Archive for August, 2013

“[” and “[[” with the apply() functions

20 Aug 2013

Did you know you can use "[" and "[[" as function names for subsetting with calls to the apply-type functions?

For example, suppose you have a bunch of identifier strings like "ZYY-43S-CWA3" and you want to pull off the bit before the first hyphen ("ZYY" in this case). (For code to create random IDs like that, see the end of this post.)

Suppose the IDs are in a vector of character strings, id.

If I wanted to grab the bit before the first hyphen, I would typically use strsplit and then sapply with function(a) a[1], as so:

sapply(strsplit(id, "-"), function(a) a[1])

But in place of function(a) a[1], you can use "[", 1, as follows:

sapply(strsplit(id, "-"), "[", 1)

I think that’s kind of cute. You can use "[[" the same way, if you’re working with lists.

Here’s some code to create random IDs of this form, to test out the above:

nind <- 8
lengths <- c(3, 3, 4)
id <- NULL
for(i in seq(along=lengths)) {
  randchar <- sample(c(LETTERS, 0:9), nind*lengths[i], replace=TRUE)
  randstring <- apply(matrix(randchar, ncol=lengths[i]),
                   1, paste, collapse="")
  if(is.null(id)) id <- randstring
  else id <- paste(id, randstring, sep="-")
}

Electronic lab notebook

20 Aug 2013

I was interested to read C. Titus Brown‘s recent post, “Is version control an electronic lab notebook?

I think version control is really important, and I think all computational scientists should have something equivalent to a lab notebook. But I think of version control as serving needs orthogonal to those served by a lab notebook.

As Titus points out, a traditional lab notebook serves two purposes: provenance and protocol. Version control could be useful for provenance, but I don’t really care about provenance. And for protocol, version control doesn’t really matter.

Version control

I really like git with github. (See my tutorial.) But for me, the basic need served by version control is that embodied in the question, “This shit worked before; why isn’t it working now?”

You don’t want to edit working code in place and so possibly break a working system.

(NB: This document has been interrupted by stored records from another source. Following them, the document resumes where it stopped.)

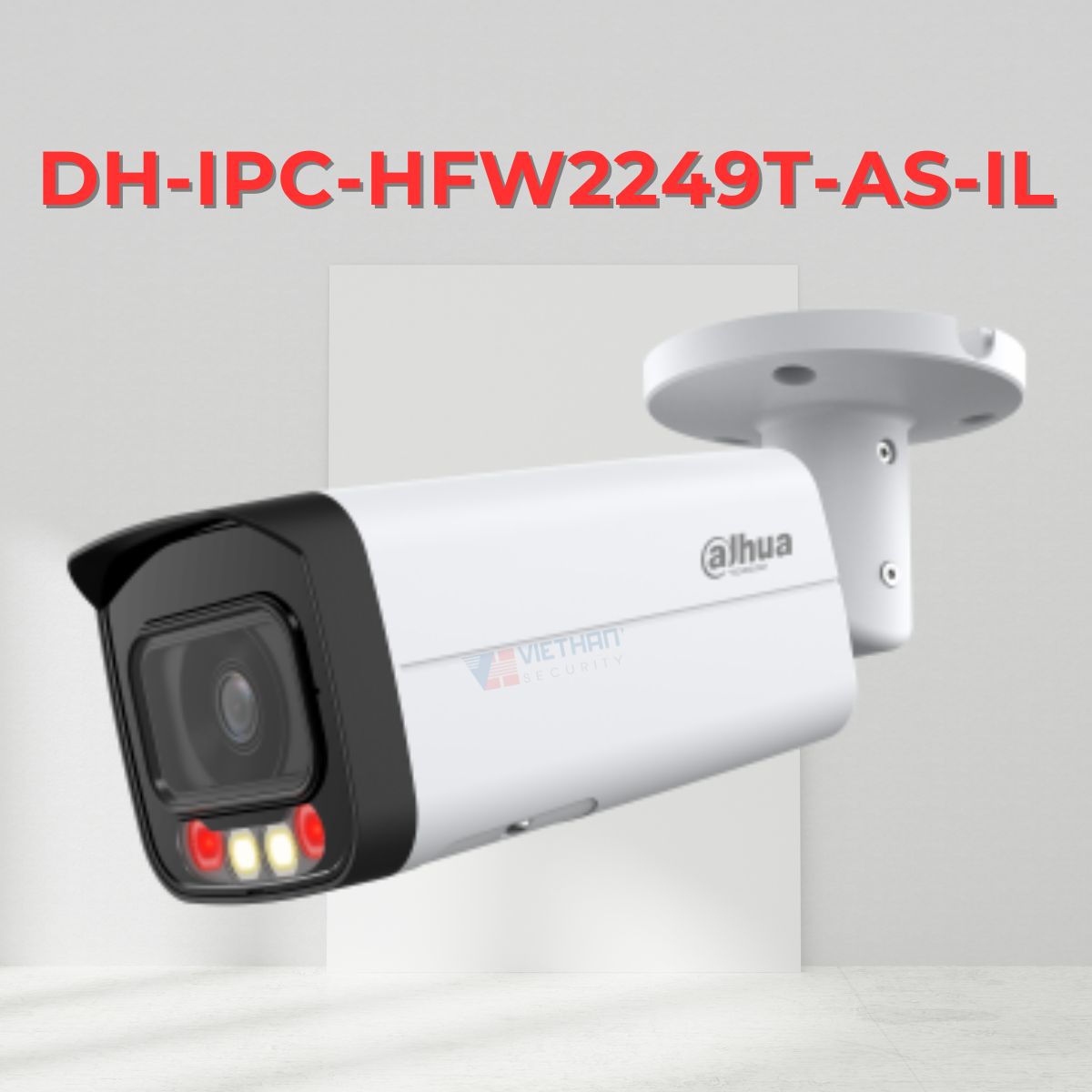 Camera IP WIZSENSE DAHUA DH-IPC-HFW2249T-AS-IL 2Mp, Đèn LED, hồng ngoại 60m, tích hợp MIC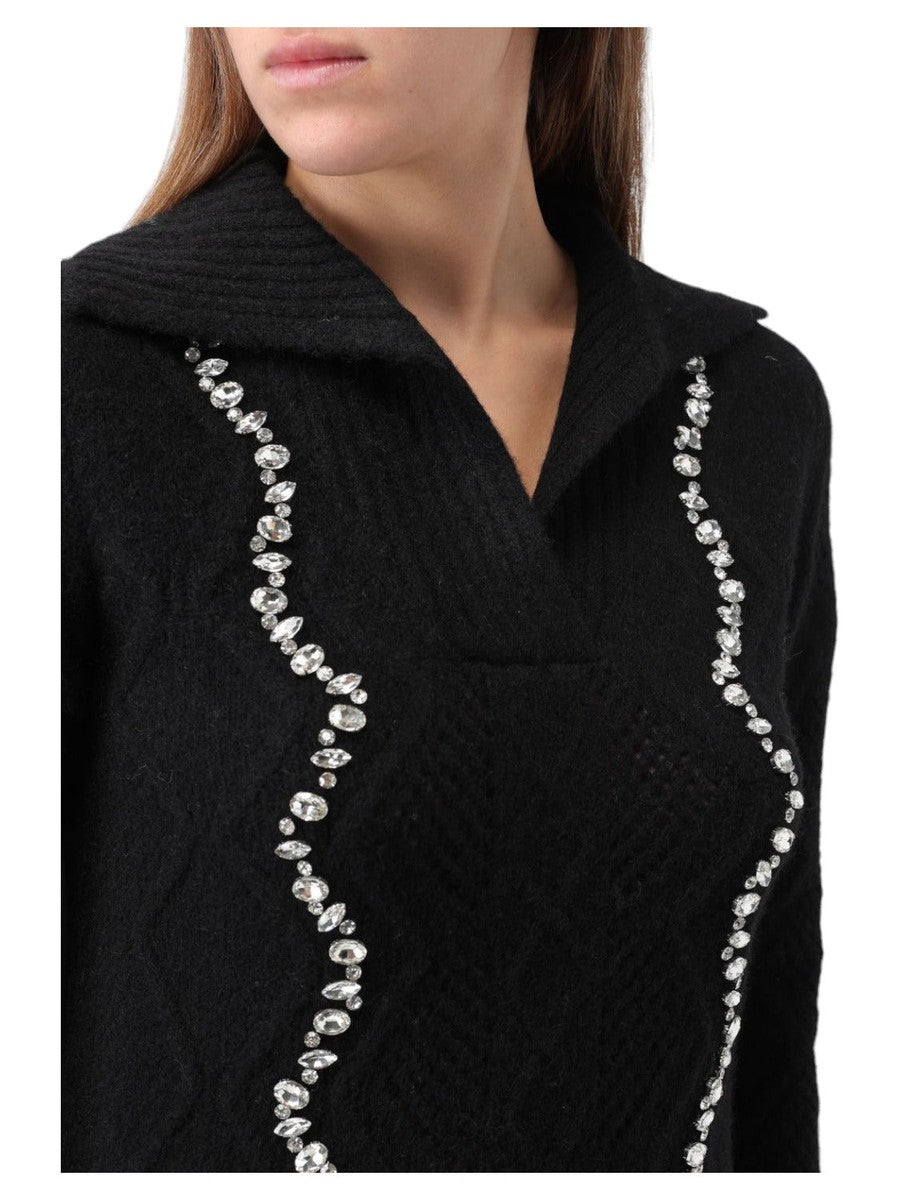 Maglia con ricami gioiello-Liu-Jo-Maglieria-Vittorio Citro Boutique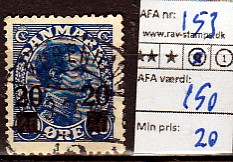 Ugeauktion 819 - AFA 151 - 153 #56068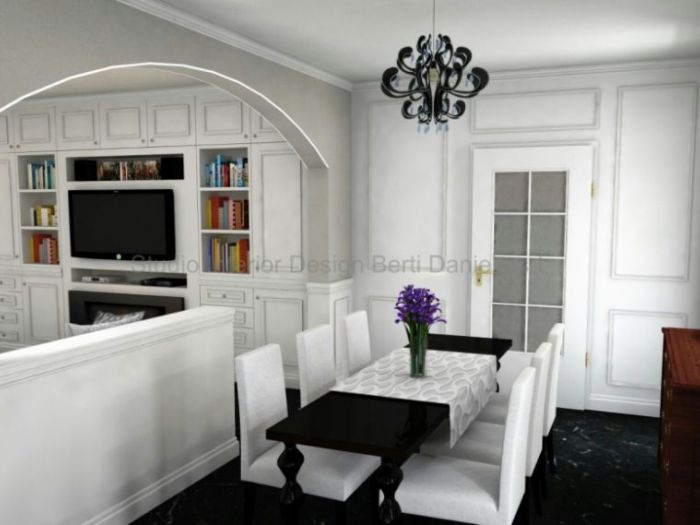 Archisio - Studio Interior Design Berti Daniela srl - Progetto Arredamento boiserie immagine classica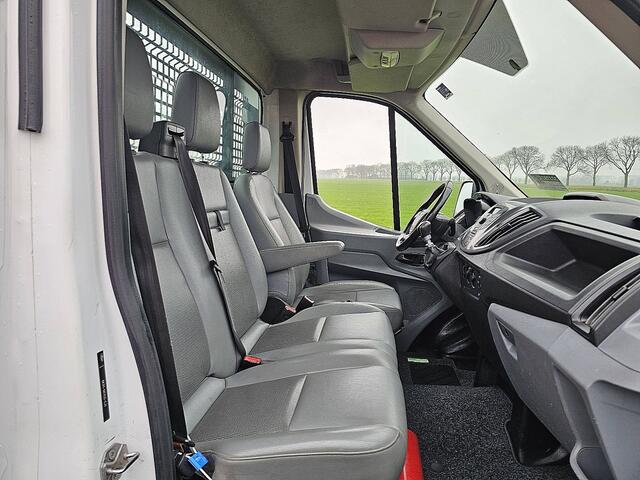 Ford TRANSIT 350 2.0 L3 Open-Laadbak Airco Trekhaak Euro6 130Pk!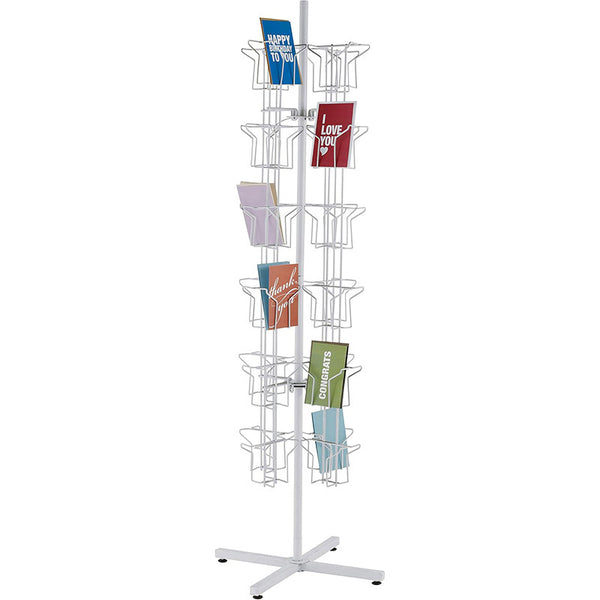 Source Factory Newspaper and Magazine Rack Floor Rack Postcard Brochure Rotating Display Rack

Version control lets you try things out, and to try something out in any version of your software, from any point in time.

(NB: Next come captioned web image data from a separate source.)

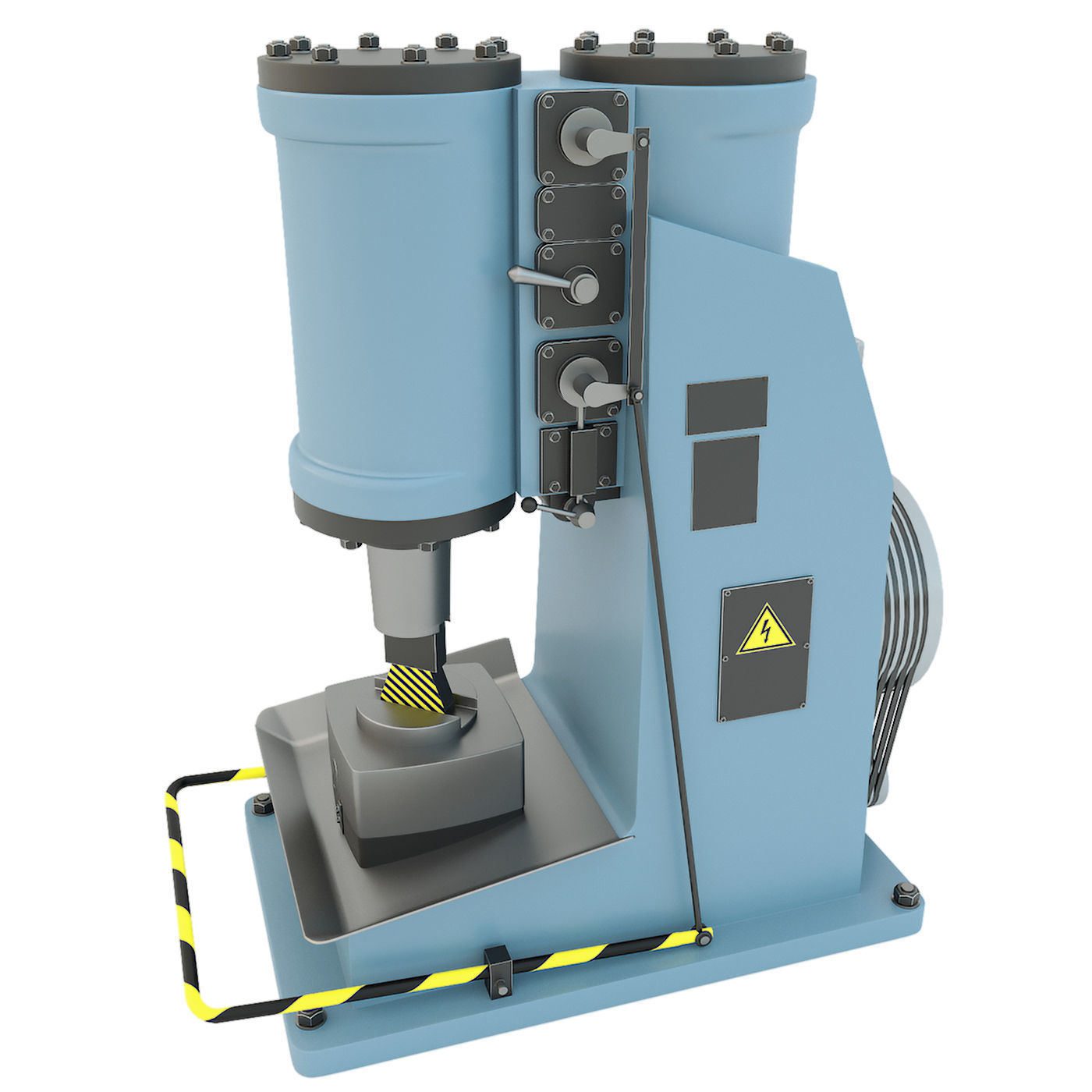 Industrial machine tool - MA4129A Forging hammer press-stamping 3D model_5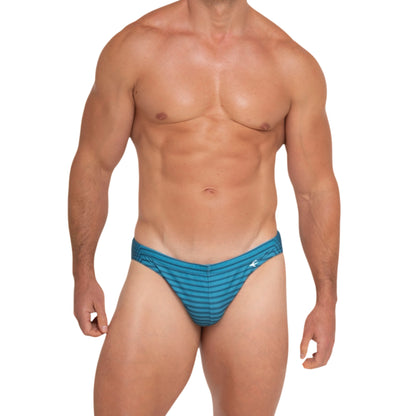 Equal Swimwear Bikini Lines Blue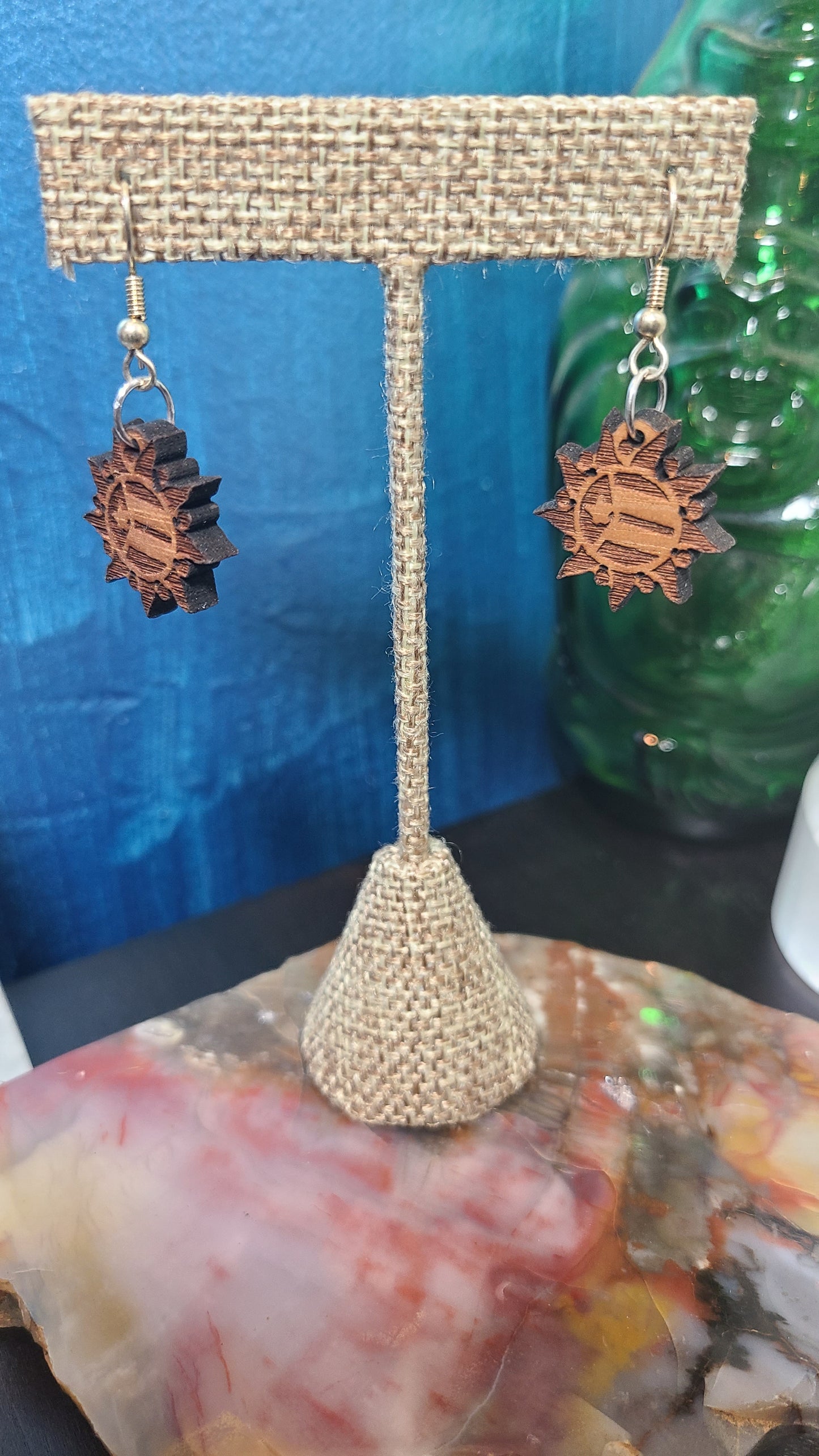 Wooden Earrings made in Puerto Rico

The other basic use of version control is for managing projects with multiple contributors. If there are multiple programmers working on a software project, or multiple authors working on a manuscript, version control is the best way to manage things, particularly for merging everyone’s efforts.

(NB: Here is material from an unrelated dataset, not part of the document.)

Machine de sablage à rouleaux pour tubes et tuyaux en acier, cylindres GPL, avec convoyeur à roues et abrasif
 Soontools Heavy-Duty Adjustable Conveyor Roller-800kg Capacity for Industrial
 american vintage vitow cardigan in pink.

These are really useful things, but version control is more about merging and history and not so much reproducible research.

Make is the thing

To me, the basic tool to make research reproducible is GNU make (see my minimal tutorial). You create a Makefile that documents all analysis steps in a project. (For example, “Use this script to turn these raw data files into that combined file, and use this script to create figure 1 and that script to create figure 2, then combine them with this LaTeX file to make the manuscript PDF.”)

With GNU make (see also rake), you both document and automate these processes. With well-documented/commented scripts and an all-encompassing Makefile, the research is reproducible.

Add knitr, and you’ve got a notebook

The other ingredient to create the computational scientist’s equivalent of a lab notebook is knitr, which allows one to combine text (e.g., in Markdown or asciidoc) and code (e.g., in R) to make documents (e.g., in html or PDF) that both do the work and explain the work. Write such documents to describe what you did and what you learned, and you’ve got an electronic lab notebook.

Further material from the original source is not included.